JAKARTA – Maskapai Emirates melarang penumpang membawa pager atau walkie-talkie pada semua penerbangan yang menuju, dari, atau melalui Dubai.
Larangan ini berlaku untuk bagasi yang mana didaftarkan maupun bagasi kabin. Jika ditemukan, perangkat yang mana dilarang akan disita oleh kepolisian Dubai.
Kuat dugaan larangan ini imbas dari serangan negeri Israel terhadap perangkat pager kemudian waklie-talkie ke para pejuang Hizbullah di tempat Lebanon, beberapa waktu lalu.
“Semua penumpang yang tersebut bepergian dengan penerbangan menuju, dari, atau melalui Dubai dilarang menghadirkan pager dan juga walkie-talkie di area bagasi yang digunakan didaftarkan maupun bagasi kabin. Barang-barang yang dimaksud yang mana ditemukan pada bagasi tangan atau bagasi terdaftar penumpang akan disita oleh Polisi Dubai,” demikian bunyi pemberitahuan yang dimaksud dilansir Al Arabiya, Hari Sabtu (5/10/2024).

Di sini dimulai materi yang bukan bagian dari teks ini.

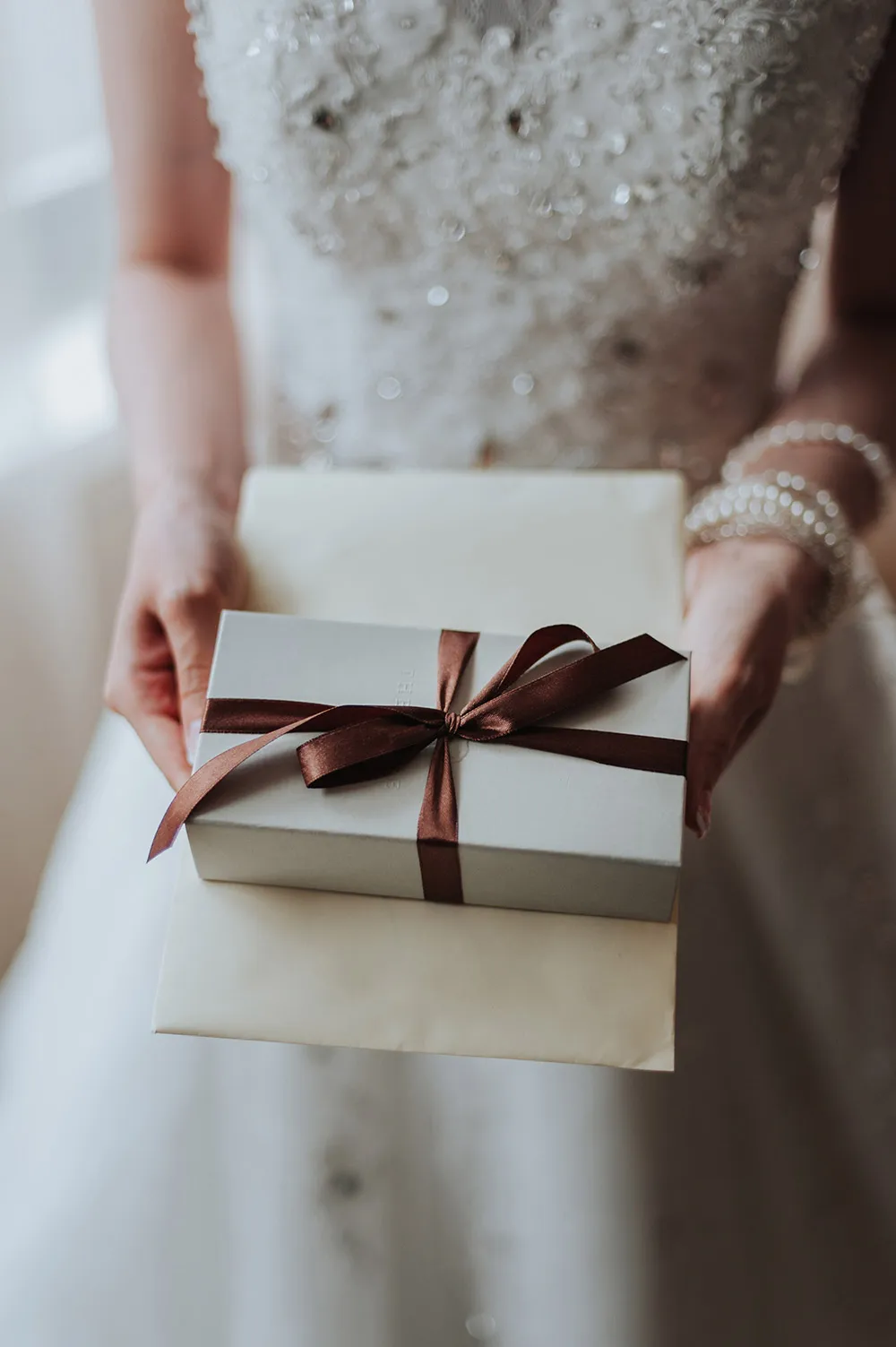 Photo by Munkeat Photography. theweddingnotebook.com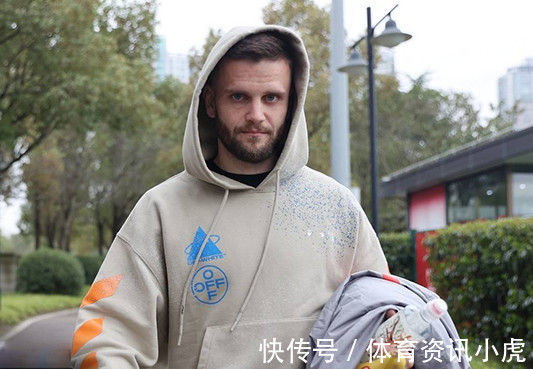 引援|泰山第一签!中超大衣哥加盟只差官宣 体坛:海港已锁定国脚中卫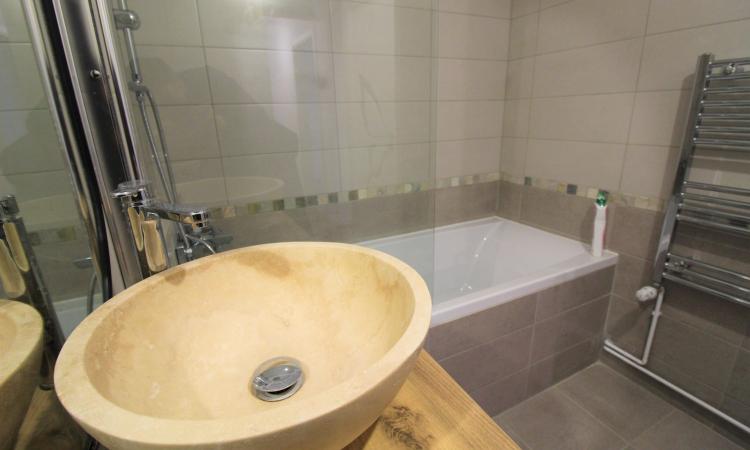 Vanzare Apartament 3 camere - Nemobilat Baneasa - zona Ficusului
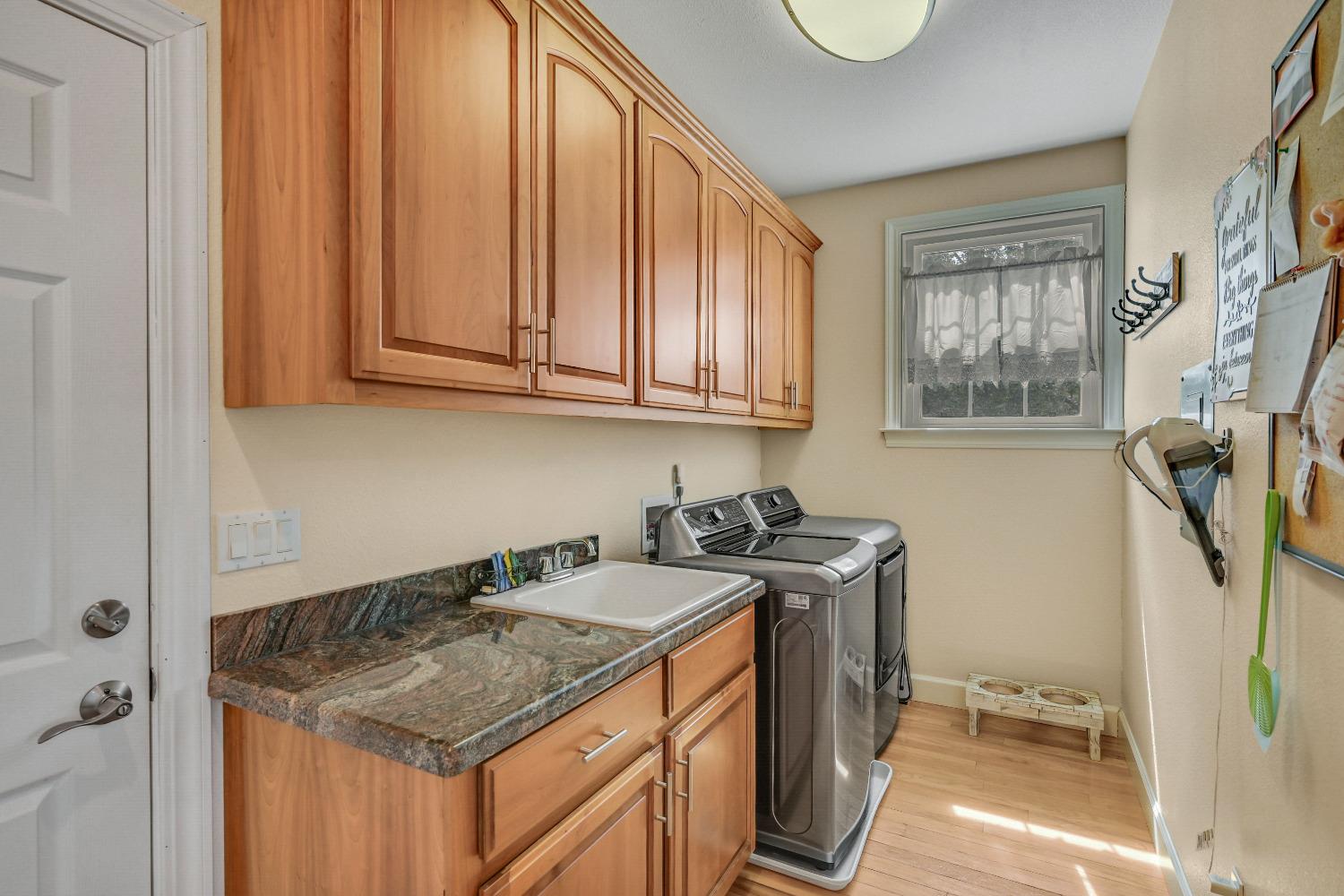 3 Foxglove Court
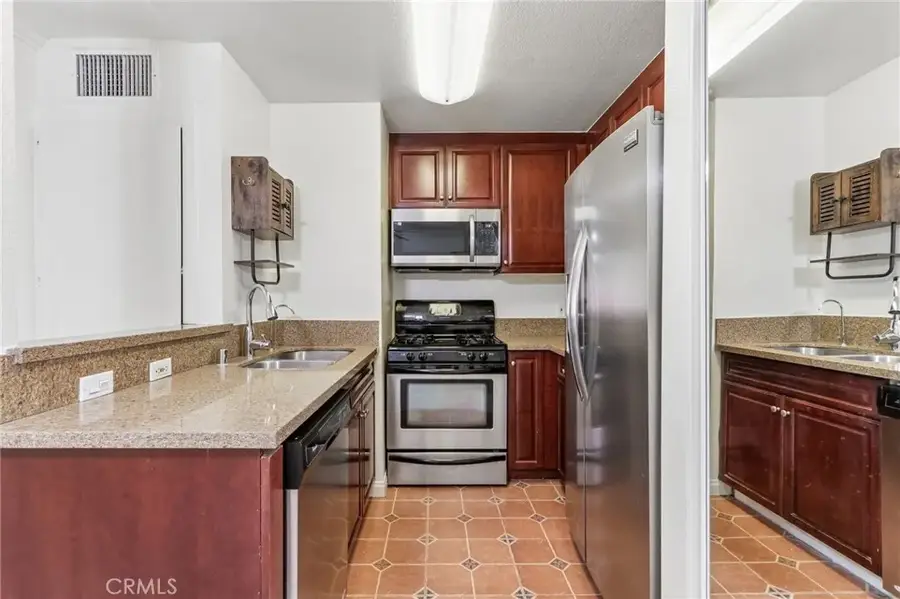 5535 Canoga #209, Woodland Hills, CA 91367 - #3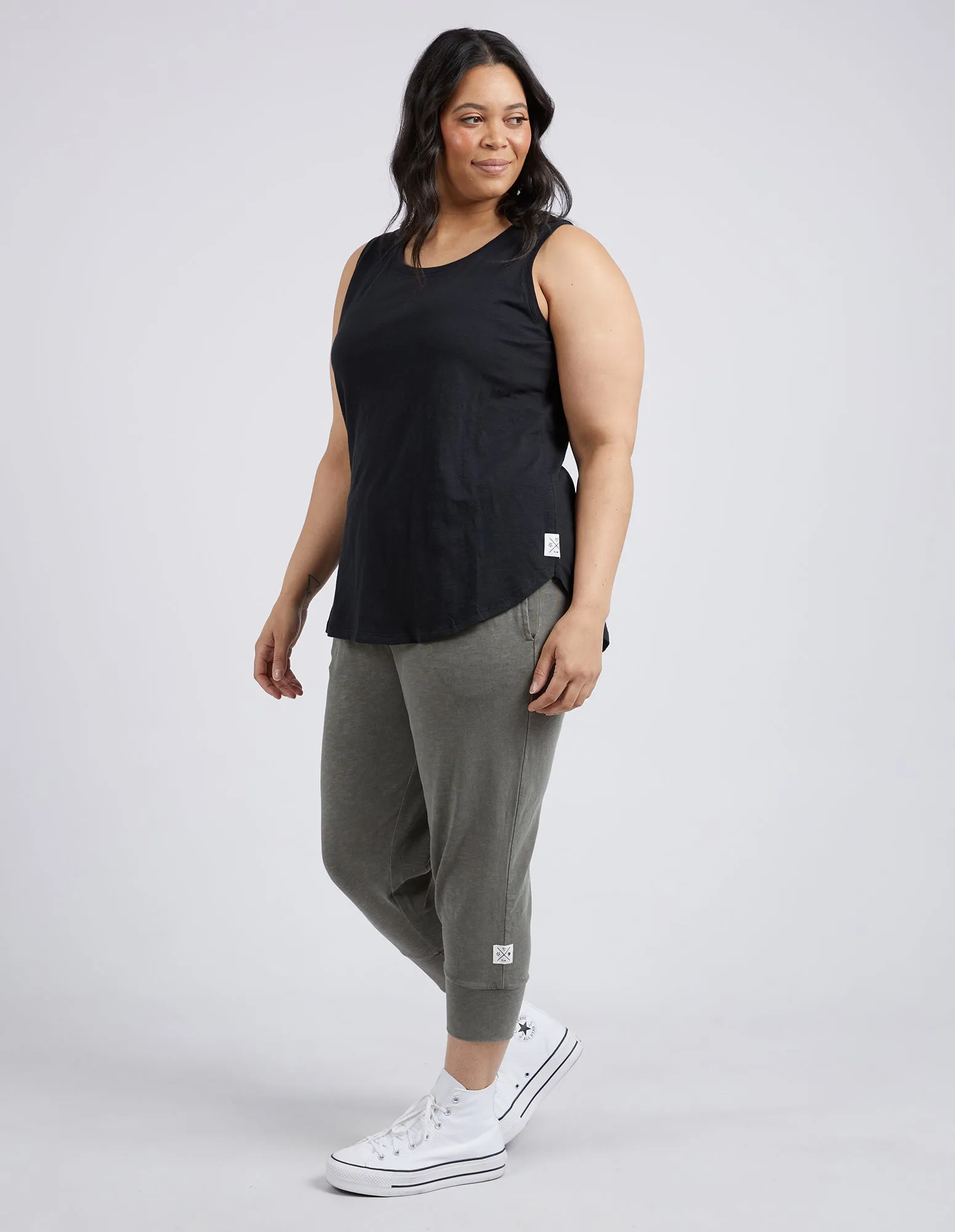 Scoop Tank Black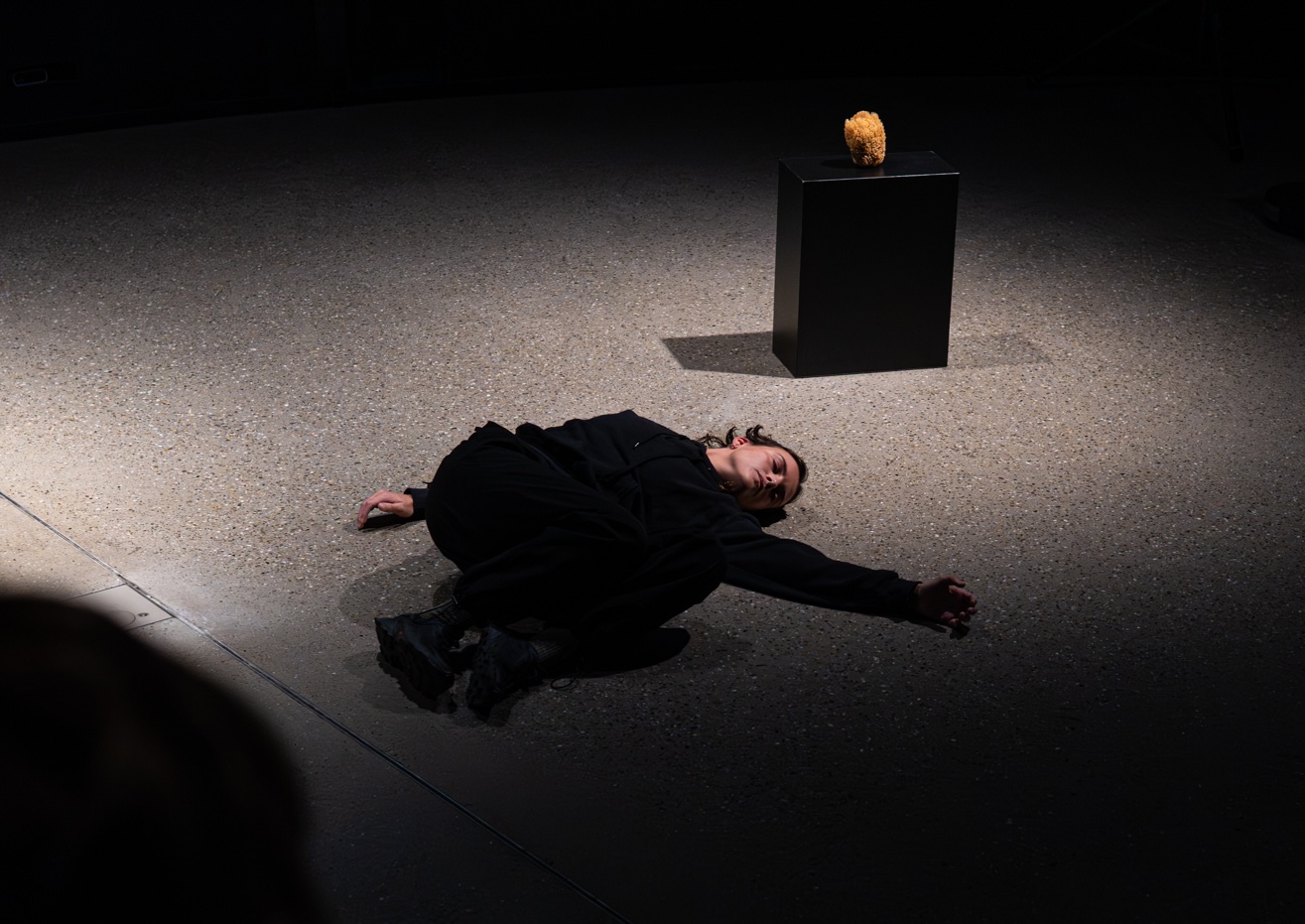 zugeschnitten_2025_10_18_BOCHUM_DeepSeeReading-166 Kopie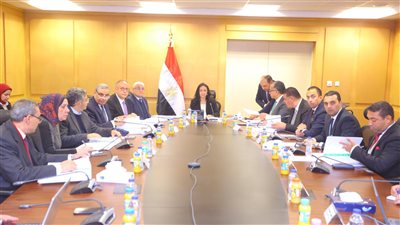 وزيرة التضامن الاجتماعي تترأس اجتماع مجلس إدارة بنك ناصر الاجتماعي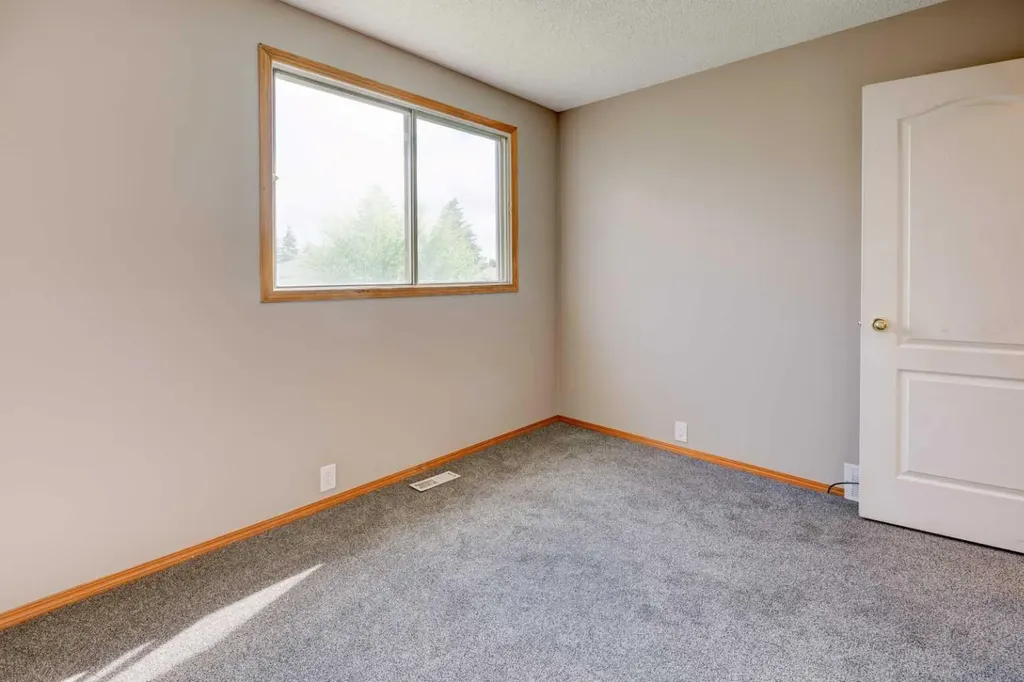 27 Dovely Way SE Calgary AB T2B 2K7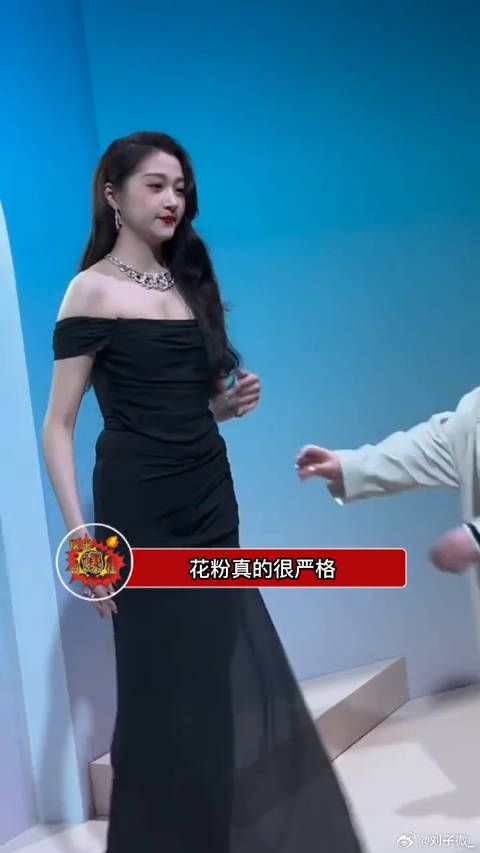 关晓彤出席活动视频，有不少粉丝评论让关晓彤减肥，大家觉得这样算胖吗？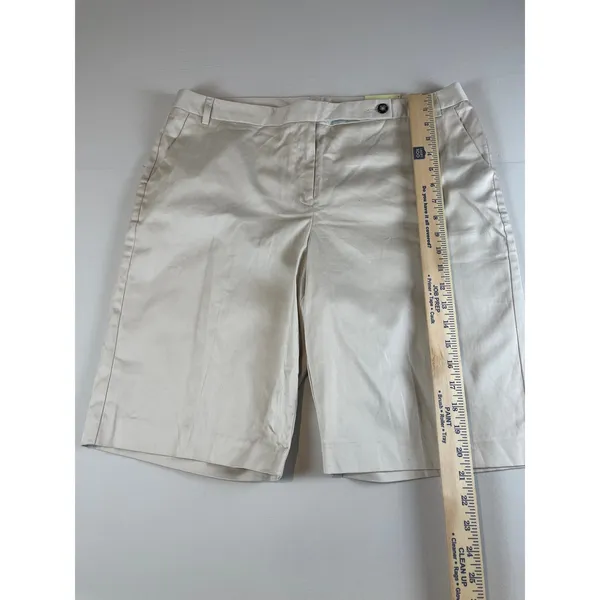 Van Heusen Studio City Short Modern Fit Bermuda Length Beige NWT Size 14 - Image 4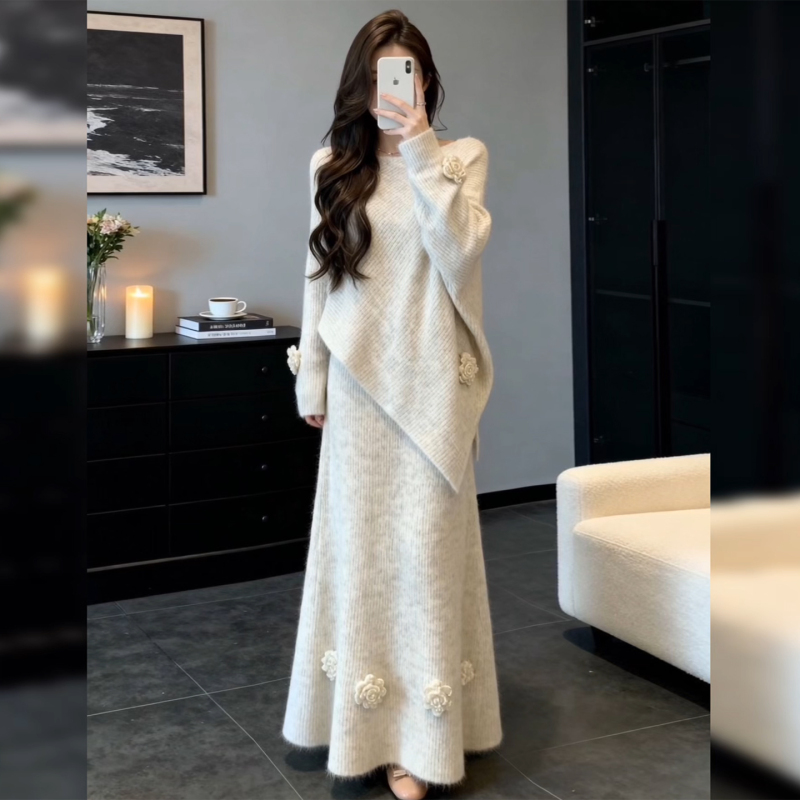 Korean Style Gentle Fashion Knitted Skirt Suit for Women in Autumn and Winter, Loose and Slimming, Elegant Sweater Suit Skirt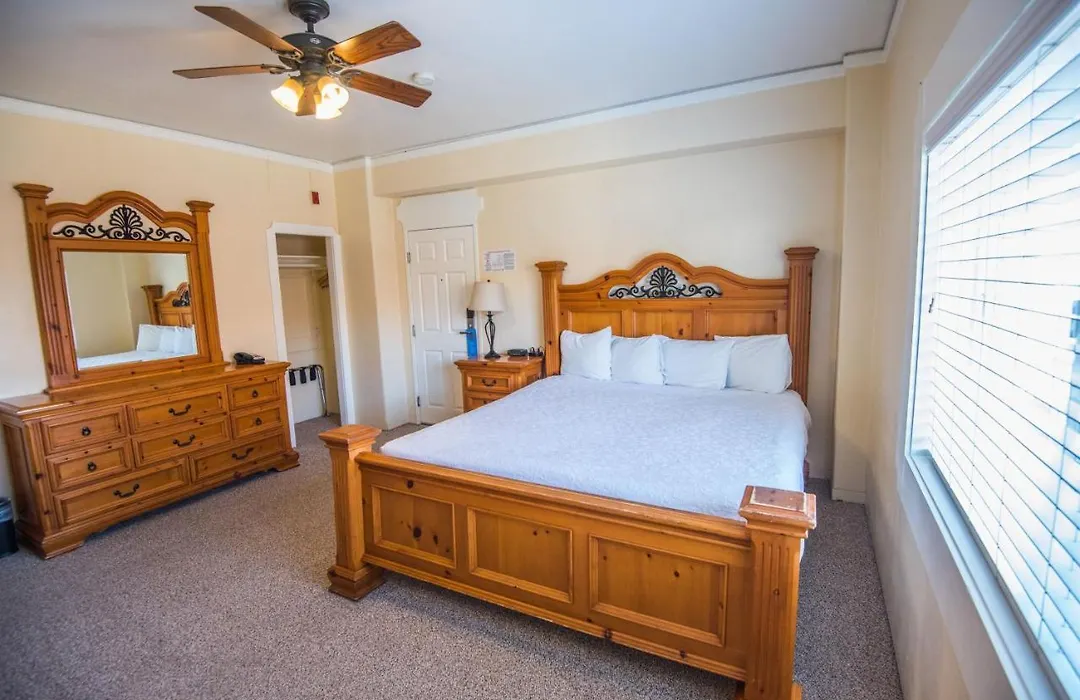 Pismo Beach Hotel-1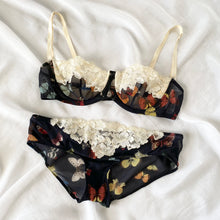 Load image into Gallery viewer, Dolce & Gabbana Silk Butterfly Set (34B)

Maskapai andalan Dubai juga mengeluarkan pembaruan terkait layanan penerbangan ke dan juga dari Yordania, Irak, Iran, kemudian Lebanon.
Yordania
Emirates akan melanjutkan operasi penerbangan ke Amman mulai Minggu.
Irak dan juga Iran
Semua penerbangan Emirates ke serta dari Irak juga Iran tetap saja dibatalkan hingga Senin. Penumpang yang dimaksud transit dalam Dubai dengan tujuan akhir di dalam kedua negara yang dimaksud tak akan diterima untuk perjalanan pada titik selama merekan hingga Selasa.
Lebanon
Untuk sementara, penerbangan ke lalu dari Beirut tetap saja dibatalkan hingga 15 Oktober, penumpang yang mana transit di tempat Dubai dengan tujuan akhir Beirut tidaklah akan diterima untuk perjalanan di dalam titik selama dia hingga pemberitahuan lebih besar lanjut.